Is the reasoning behind the method a corollary to compressed sensing?
so p0.8, wasn't 0.95 the standard for claims once?
No, because a classification accuracy is not a p-value. By construction, a random guesser would achieve 50% accuracy in guessing whether A~>B or A<~B for each pair of cause-and-effects in their dataset. So getting >50% accuracy is the goal here.

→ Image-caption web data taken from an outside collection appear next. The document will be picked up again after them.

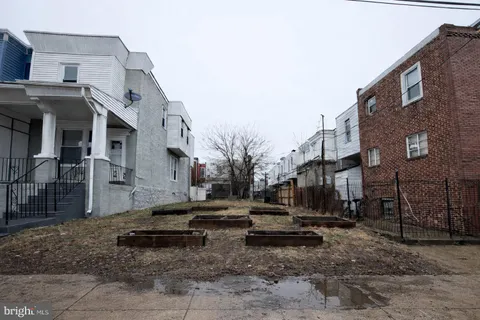 a row of residential houses with outdoor space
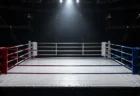 照明に照らされた無人のキックボクシングのリング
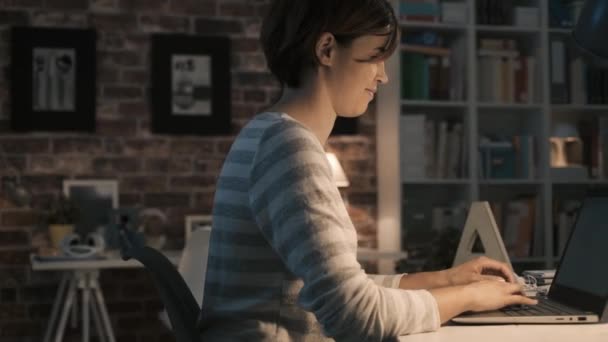 Жінка спілкується зі своїм ноутбуком вдома — стокове відео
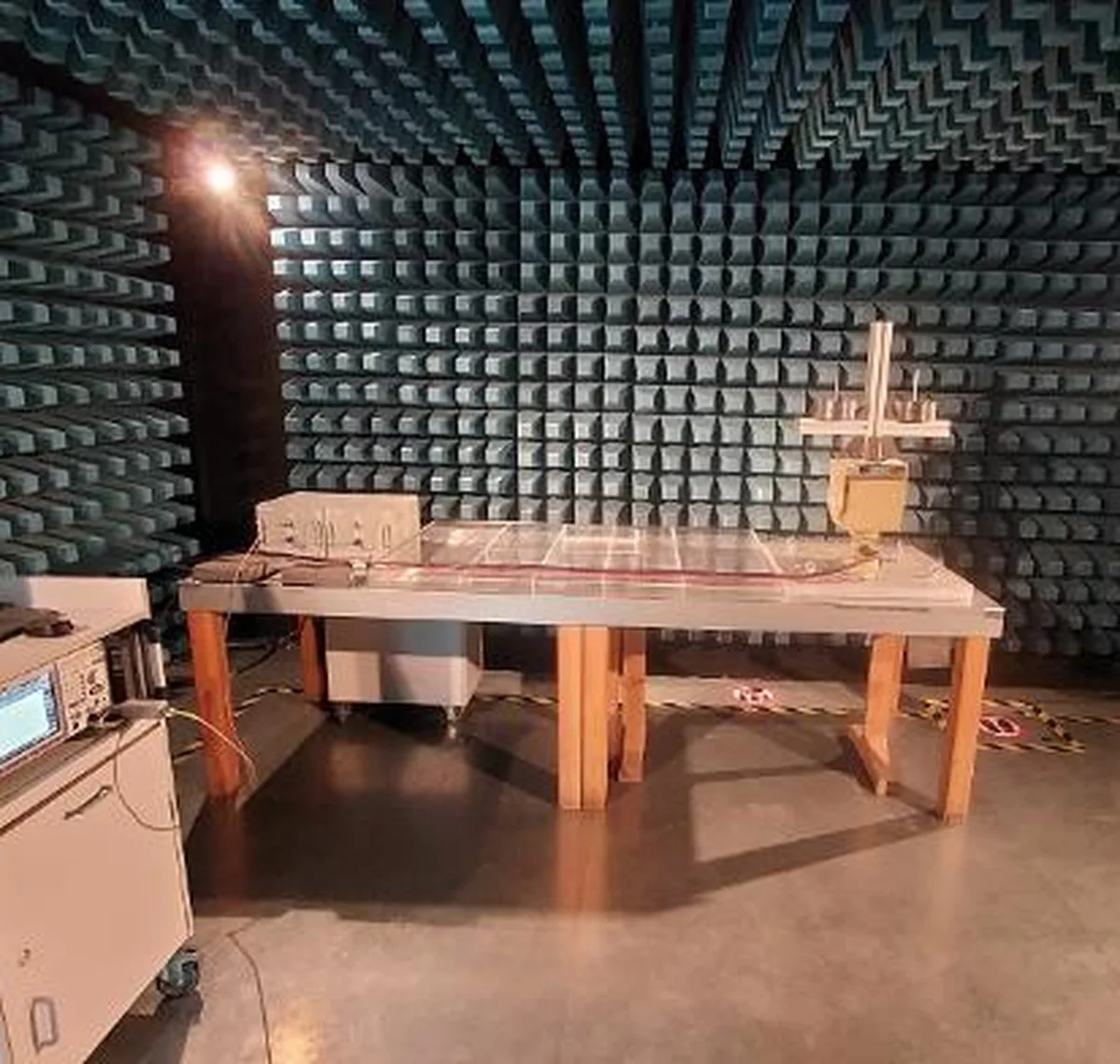 Unit under test inside an EMC anechoic chamber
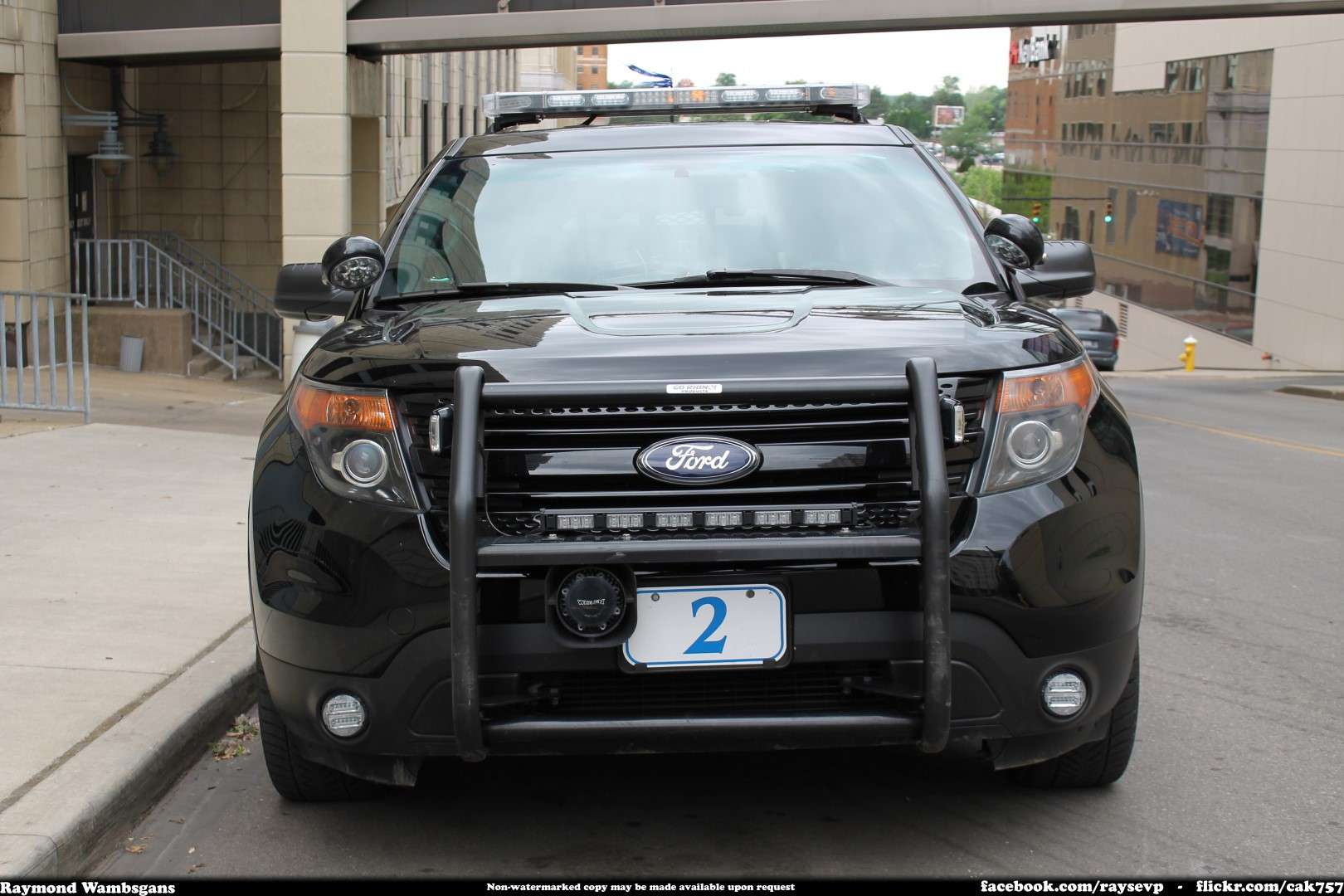 A marked police Ford Explorer Police Interceptor Utility parked at the curb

Interestingly, the authors do acknowledge on p. 46 that their sample size is too small to obtain a statistically significant result:

A rough estimate how large the CauseEffectPairs benchmark should have been in order to obtain significant results can easily be made. Using a standard (conservative) Bon- ferroni correction, taking into account that we compared 37 methods, we would need about 120 (weighted) pairs for an accuracy of 65% to be considered significant (with two-sided testing and 5% significance threshold). This is about four times as much as the current number of 37 (weighted) pairs in the CauseEffectPairs benchmark. Therefore, we sug- gest that at this point, the highest priority regarding future work should be to obtain more validation data, rather than developing additional methods or optimizing computation time of existing methods. We hope that our publication of the CauseEffectPairs benchmark data inspires researchers to collaborate on this important task and we invite everybody to contribute pairs to the CauseEffectPairs benchmark data.

If you want to distinguish a particular method, but you can definitely tell that overall, the methods are collectively outperforming chance and so in this dataset, it is possible to infer the direction of causation.